"Most fans of James Joyce’s novel Ulysses celebrate the day of the novel’s action, June 16, also known as Bloomsday. I knew a Joyce specialist who used to honor the day by eating a gorgonzola sandwich on white bread with a glass of burgundy—he said he couldn’t face the grilled mutton kidneys. Fans of the work skew toward the rabid side.
Today, February 2, is the 134th anniversary of Joyce’s birth, and this day is another good opportunity for those rabid fans to commemorate all of Joyce’s works, especially Ulysses. Ulysses was published in February 1922 by Shakespeare and Company in Paris. But Ulysses, arguably Joyce’s best known work, almost didn’t get published in the United States, or any other English-speaking country. That’s where American law intersects with Joyce’s literature.
At the time of Ulysses’ publication, the Hicklin test, from the English court case of Regina v. Hicklin 3 L.R. – Q.B 360 (1868) was used by the U.S. courts as the legal definition of obscenity. The Hicklin test was “…whether the tendency of the matter charged as obscenity is to deprave and corrupt those minds who are open to such immoral influences, and into whose hands a publication of this sort may fall.” Bennet Cerf, the founder of the American publishing firm Random House, wanted to publish Ulysses in the United States. He worked with Random House legal counsel and co-founder Morris Ernst to orchestrate the seizure of one copy of Joyce’s Ulysses by U.S. customs, sent to Cerf from Paris in May 1932. Ernst believed that the only way to defend Ulysses was to “…convince the government to declare the Ulysses a modern classic” (Birmingham, p. 297); there is an exemption for classics in the Tariff Act of 1930 (19 USCA § 1305). Cerf arranged to have literary reviews pasted inside the front cover of the book that the customs officer seized.
Woolsey’s decision in United States v. One Book Called “Ulysses,” determined that Ulysses could be admitted into the United States. In his remarks, Woolsey noted that “…in Ulysses, in spite of its unusual frankness, I do not detect anywhere the leer of the sensualist” (Moscato and LeBlanc, 310). Further, “‘[Joyce] has honestly attempted to tell fully what his characters think about’, no matter the consequences. Some of those thoughts were sexual, but, he pointed out, ‘it must always be remembered that his locale was Celtic and his season spring.’” (Birmingham, p. 309) Woolsey wrote, “In many places … it seems to me to be disgusting,” but nothing, he added, had been included in it as “dirt for dirt sake.” He noted that Joyce’s stream of consciousness literary technique required him to reflect the thoughts of his characters, even if the characters were people a reader might not want to meet. “But when a real artist in words, such as Joyce undoubtedly is, seeks to draw a true picture of the lower middle class in a European city, ought it to be impossible for the American public legally to see that picture?” (Moscato and LeBlanc, 311).
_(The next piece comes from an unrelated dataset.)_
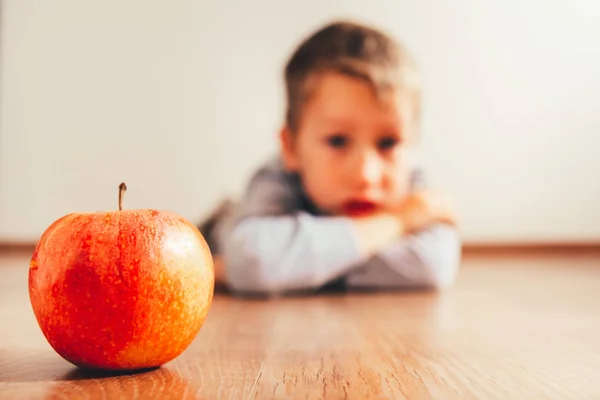 Manzana Primer Plano Niño Segundo Plano Desenfocado Enojado Por Querer — Foto de Stock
While other major works of literature also created tests to the legal application of the definition of obscenity—Lady Chatterley’s Lover, Fanny Hill, An American Tragedy—Joyce’s Ulysses and Woolsey’s decision changed the future of publishing in the United States. The decision of the American courts to allow publication of the work also set a precedent for other countries to allow Ulysses to be distributed, although that took more time—Britain did not end its ban on Ulysses until 1936; Ireland never banned it, but it never sold there until decades after its release either. Once reviled and burned in both the United States and Great Britain, Ulysses is now a universal cultural artifact. Bloomsday is celebrated all over the world, and Ulysses is, as Joyce predicted, keeping professors busy arguing over what he meant for a century and counting."